Ces marchés n’ont rien de spécial ou d’unique mais ils ont gagné en popularité après l’arrêt du site Silk Roads. Certains marchés sont présents à la fois sur le Darknet et le Clearnet. Des sites comme 0day today, hack forums, TorCrds, Hell et d’autres vendent des articles similaires à ceux du Darknet et acceptent les bitcoins. Et on peut normalement trouver des services identiques à ceux du Darknet sur un certain nombre de forums de piratage tels que V3rmillion, Raid Forums, GreySec, RealForums, ou encoreEvilzone.

La plupart des vendeurs acceptent les Bitcoins ou d’autres types de cryptodevises. Sur de nombreux sites, ils doivent s’acquitter d’une forme d’acompte pour être autorisés à vendre des produits ou services sur le site. La valeur de ces acomptes est comprise entre 0,1 et 1 BTC. Certains sites fermés au public exigent des nouveaux venus qu’ils soient recommandés par un membre sans quoi l’accès à la place de marché leur sera interdit.

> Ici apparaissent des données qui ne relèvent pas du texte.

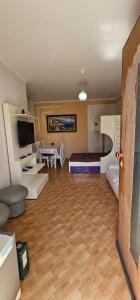 a room with a bed and a living room with a table at Dori 's place in Vlorë
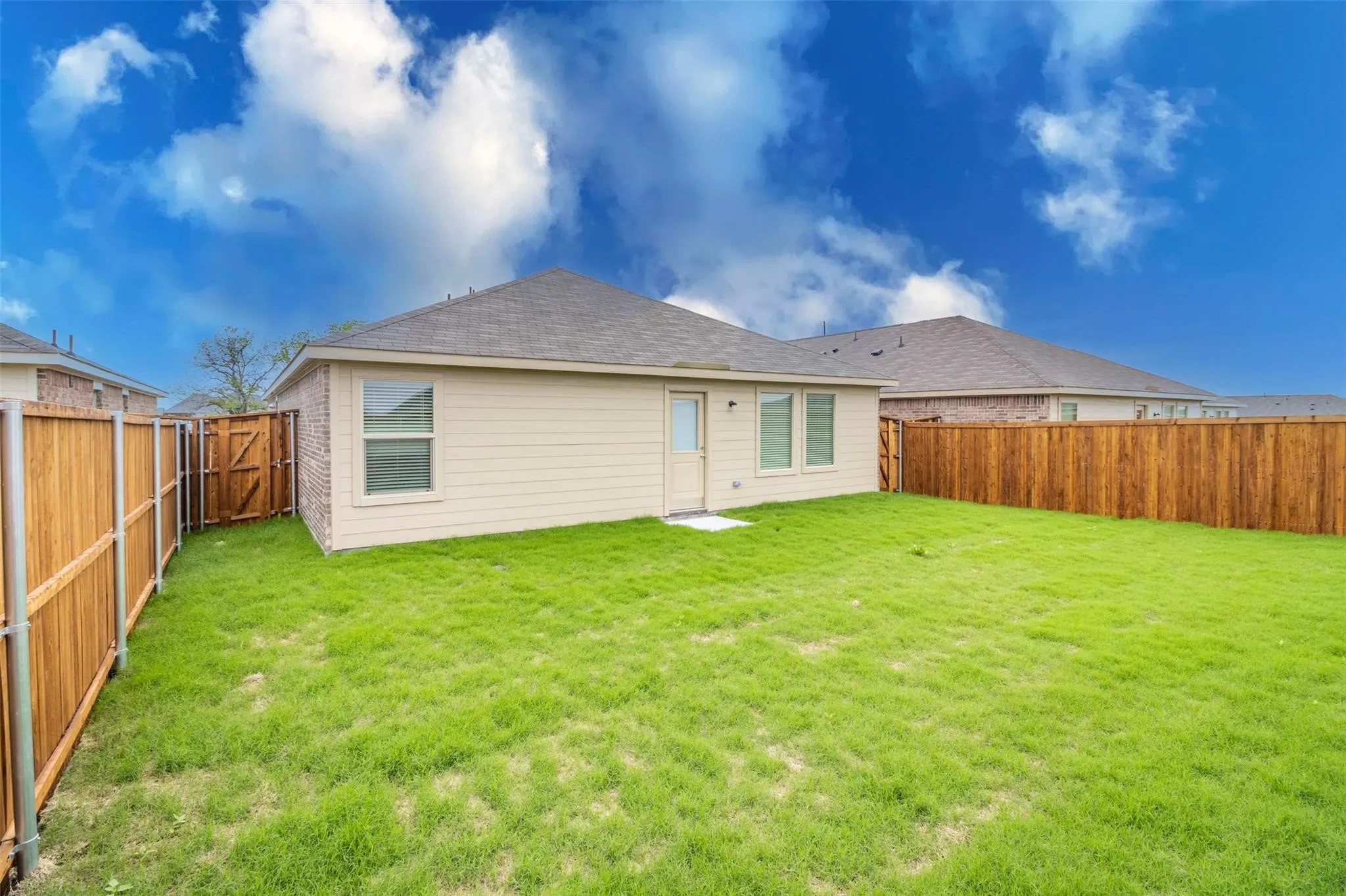 Expansive backyard featuring a manicured lawn, full wood fencing, and a side access gate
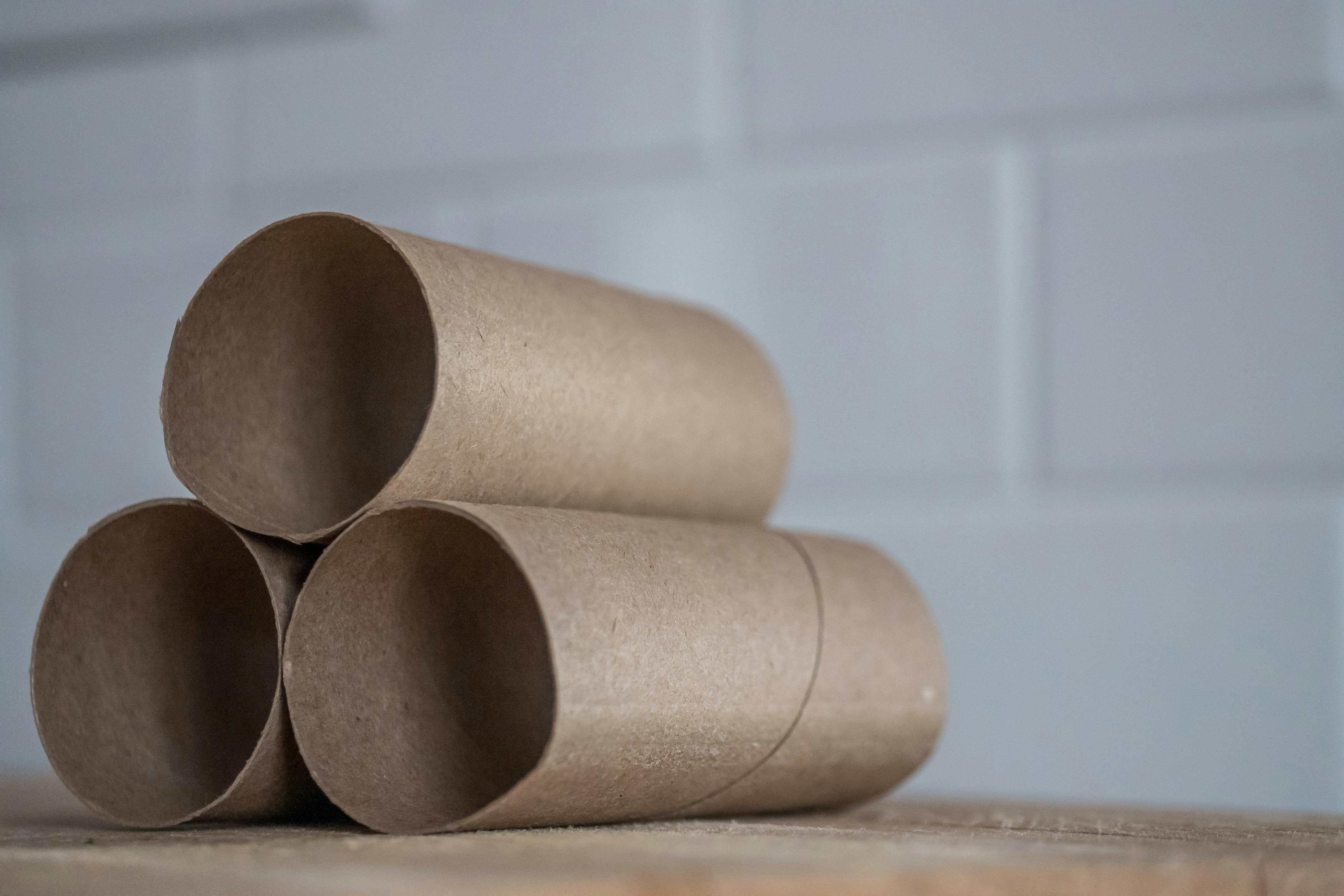 Stack of cardboard rolls on a table.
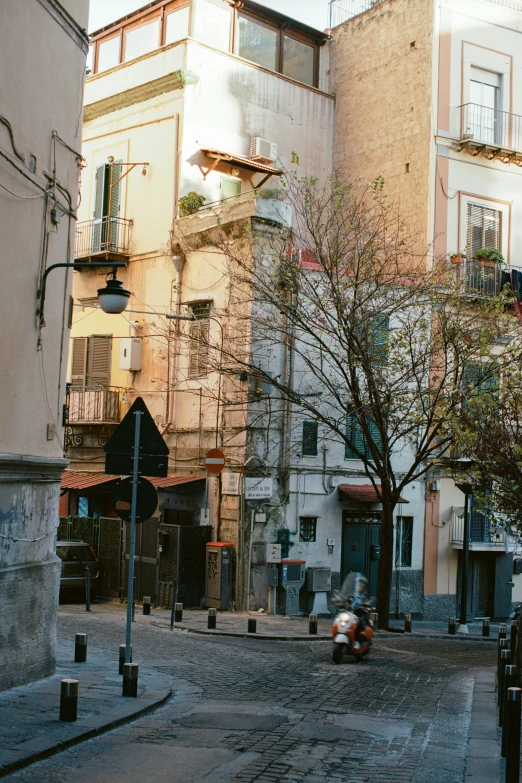 a person sitting on a bench on a cobblestone street, by Anita Malfatti, palermo city street, distant photo, single building, riding a motorbike down a street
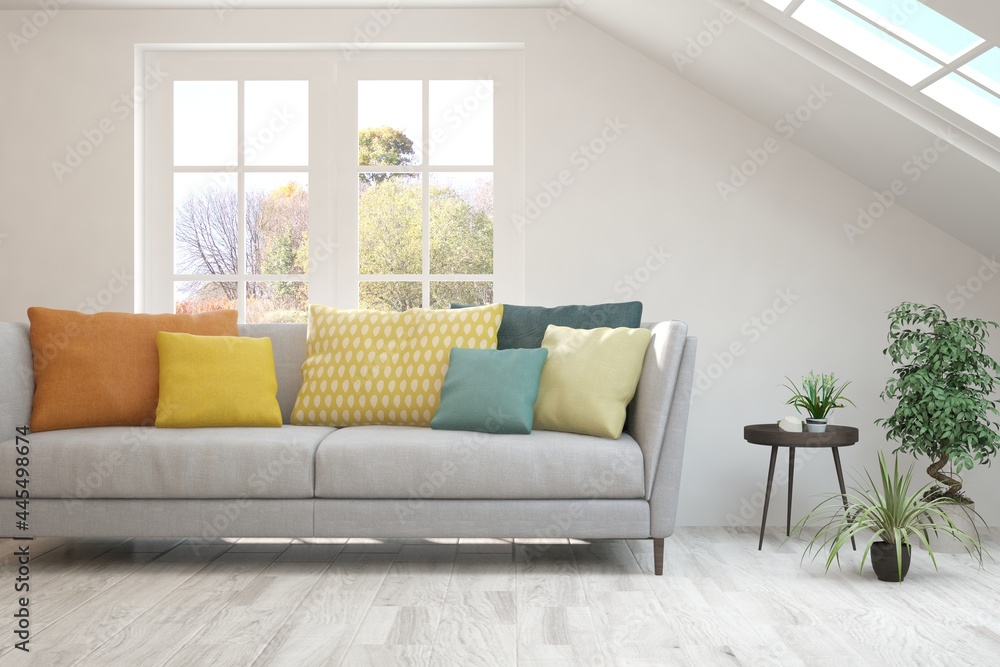 Stylish room in white color with sofa and autumn landscape in window. Scandinavian interior design. 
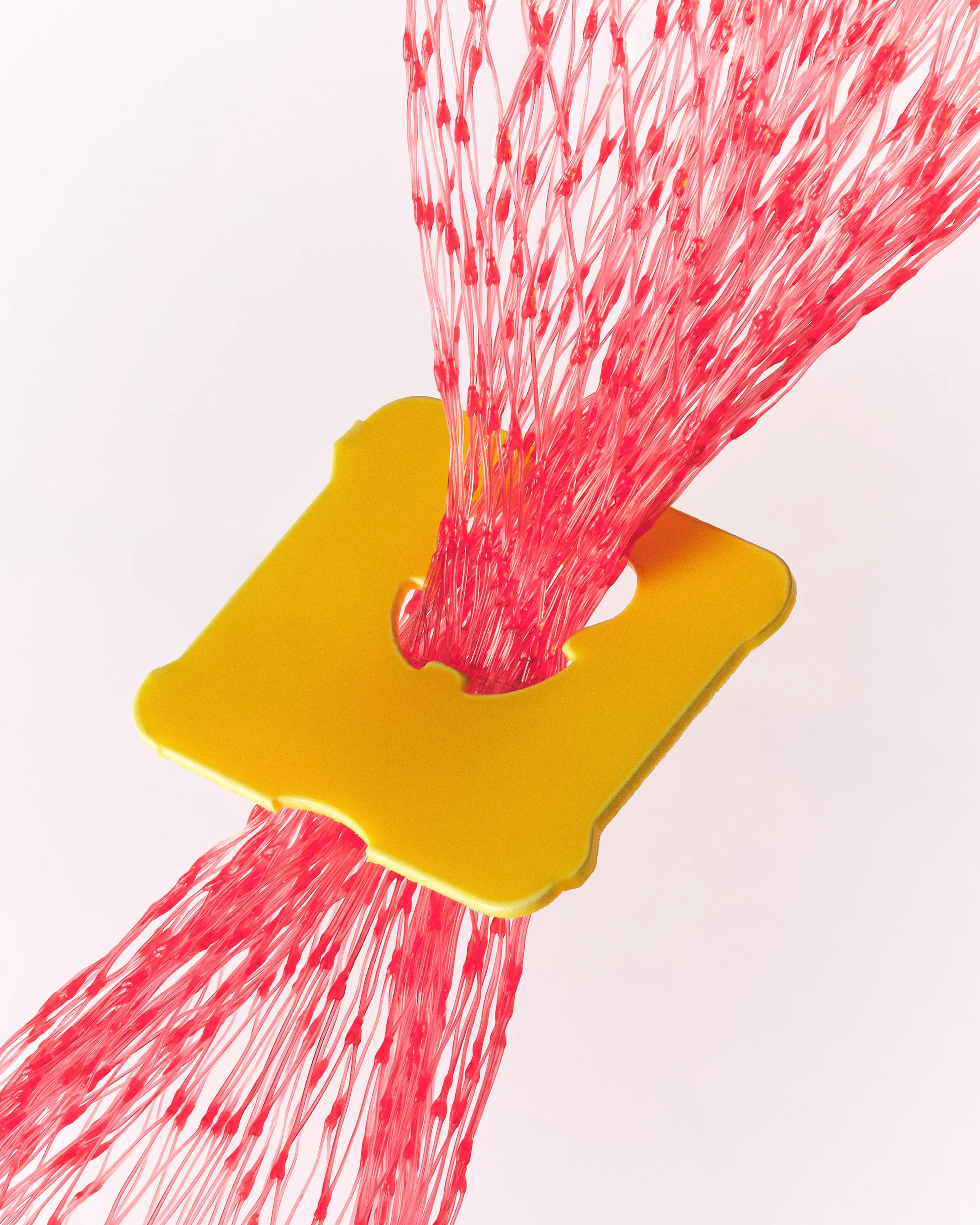 Still life of a yellow plastic bag clip cinching red mesh netting against a white background, for Kylie Cosmetics.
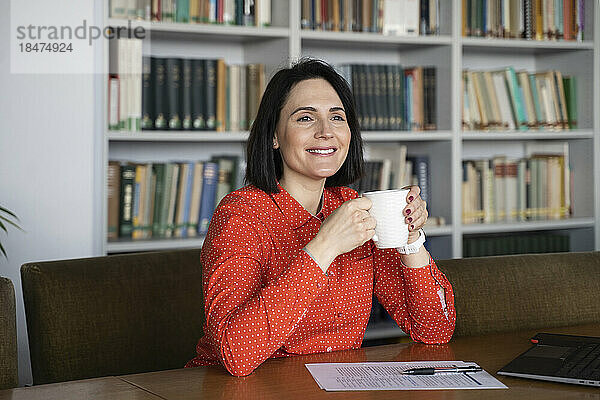 Glückliche Geschäftsfrau mit Kaffeetasse am Schreibtisch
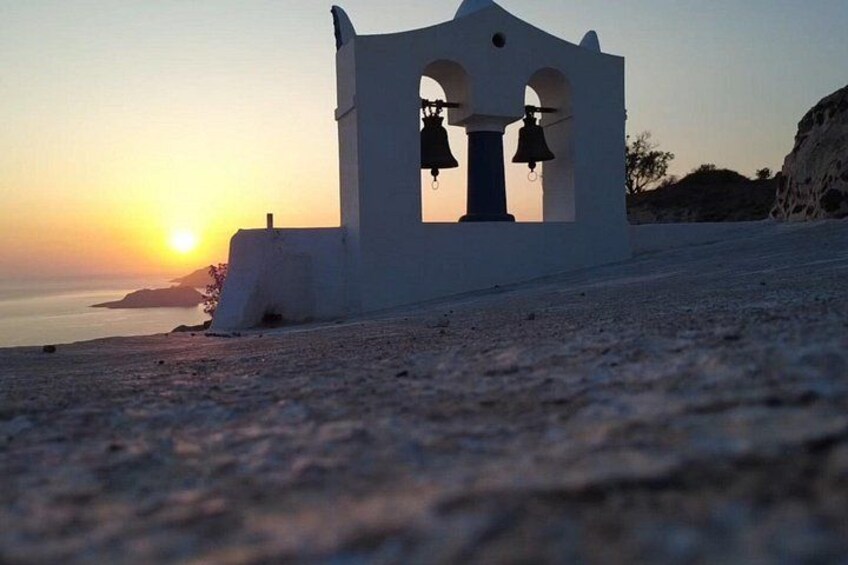 A white bell tower with three bells, set against a sunset over the sea. 4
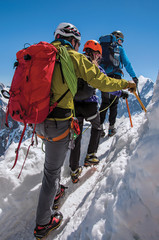 Close-up of climbers walking on snowy path in a sunny day at the Aiguille du Midi, near Chamonix. A famous ski resort located in Haute-Savoie Province, at the foot of Mont Blanc in the French Alps.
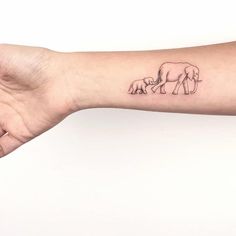 an elephant and her baby tattoo on the arm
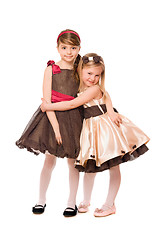 Image showing Two cute little girls in a dress. Isolated
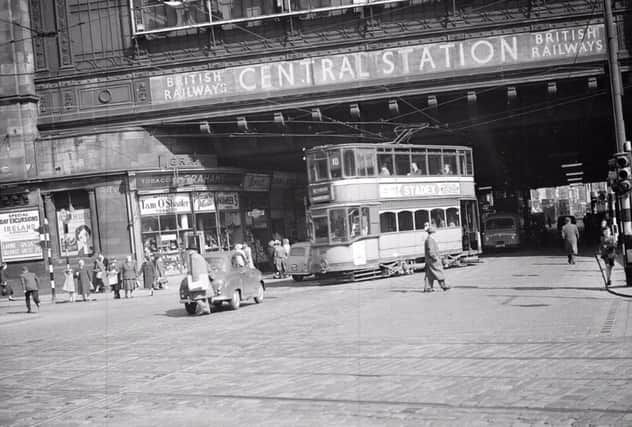A tram leaves the entrance to Glasgow Central Station on April 4, 1958. Picture: TSPL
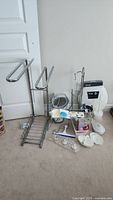 Various bathroom accessories including chrome towel stand, lit mirror, toilet paper holder with shelf, soap dishes, and makeup accessories arranged on floor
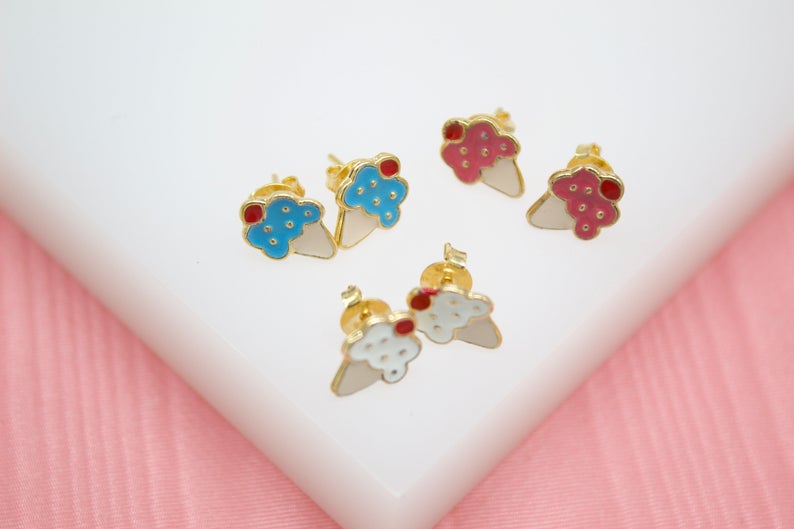 Three pairs of colorful enamel ice cream cone stud earrings rest on a white display surface against a pink background.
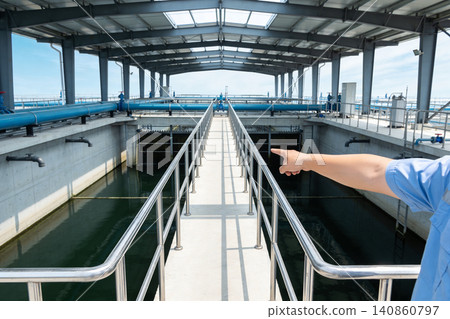 Water treatment plant with worker pointing at filtration system and blue pipes Water treatment plant with worker pointing at filtration system and blue pipes 140860797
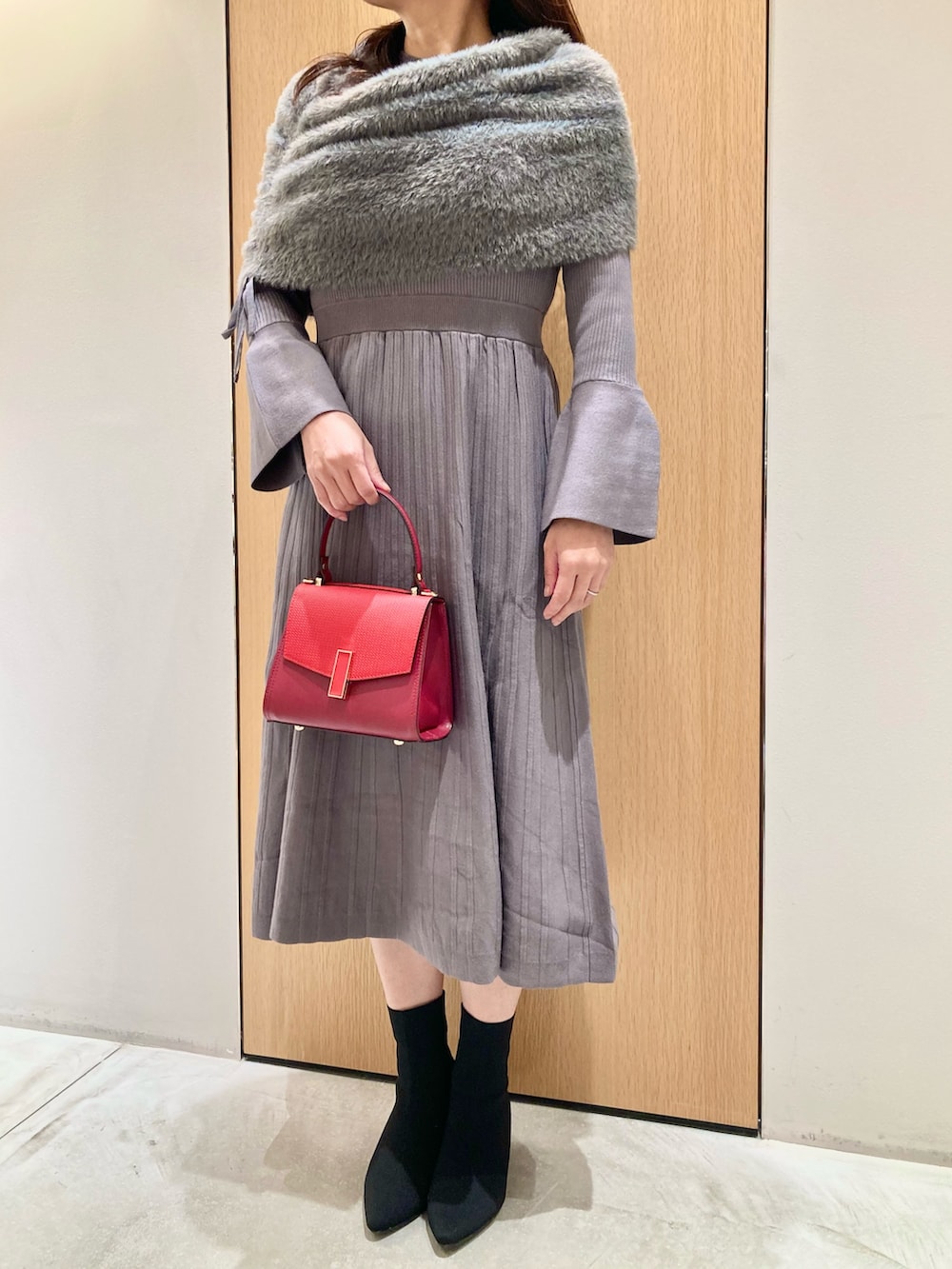 グレー系のワンピース、レッド系のハンドバッグを着用したレディースの秋コーディネートの3枚目の写真
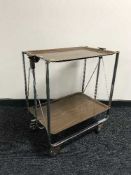 A late 20th century chrome and plastic West German folding tea trolley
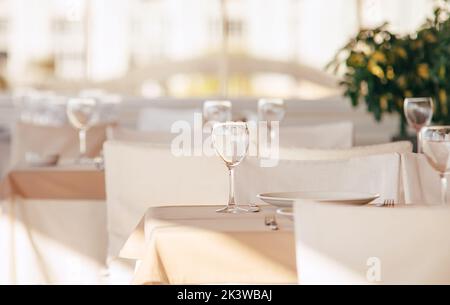 Empty wine glass standing on the table tablecloth. Luxury white colors restaurant indoor shot. Stock Photo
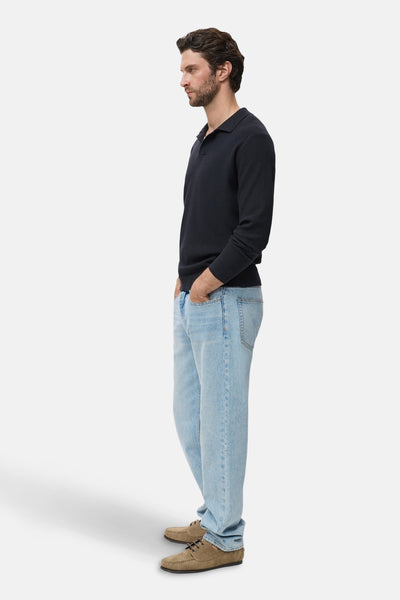 Pull à col rond bleu de MANGO, porté avec un jean clair et des chaussures en daim marron, en vue latérale.
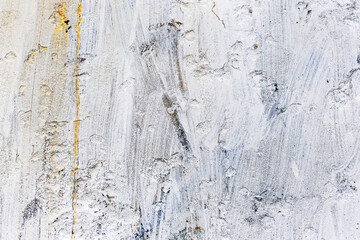 Background concrete wall, traces of weathering, worn wall damaged paint old paint. Remains of old paint on the painted concrete surface. Grungy concrete surface.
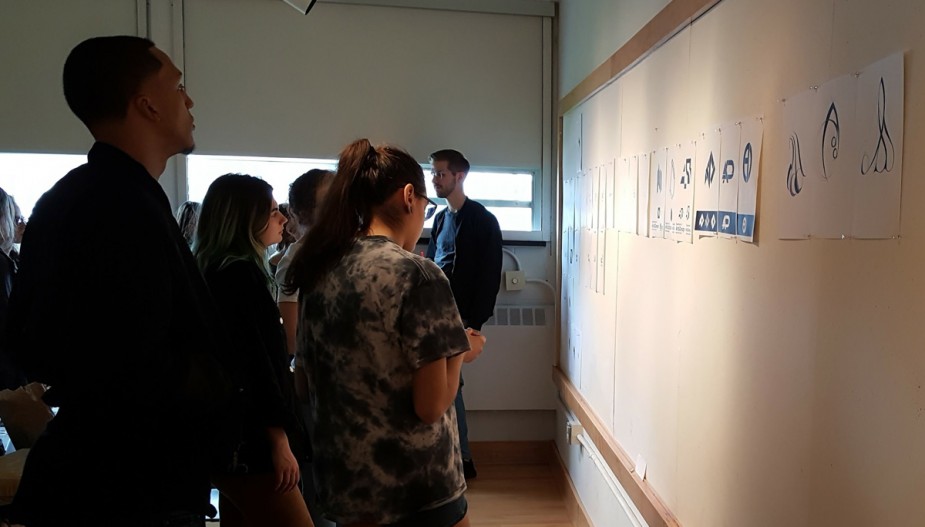 Students reviewing work during a critique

De nouveaux sites émergent chaque année, une dizaine l’an dernier. Cette année, LEO Market, TheDetoxMarket et Apple Market sont quelques-unes des nouvelles places de marché en ligne. Certains de ces sites ne restent pas longtemps sur le Darknet, ils sont souvent piratés ou mis hors service par la concurrence.

L’essor des places de marché spécialistes des vecteurs d’attaques et le recours à un réseau qui préserve l’anonymat comme le Darknet sont des tendances vouées à s’intensifier dans les années à venir à mesure que les pratiques de piratage se démocratiseront et deviendront accessibles au plus grand nombre.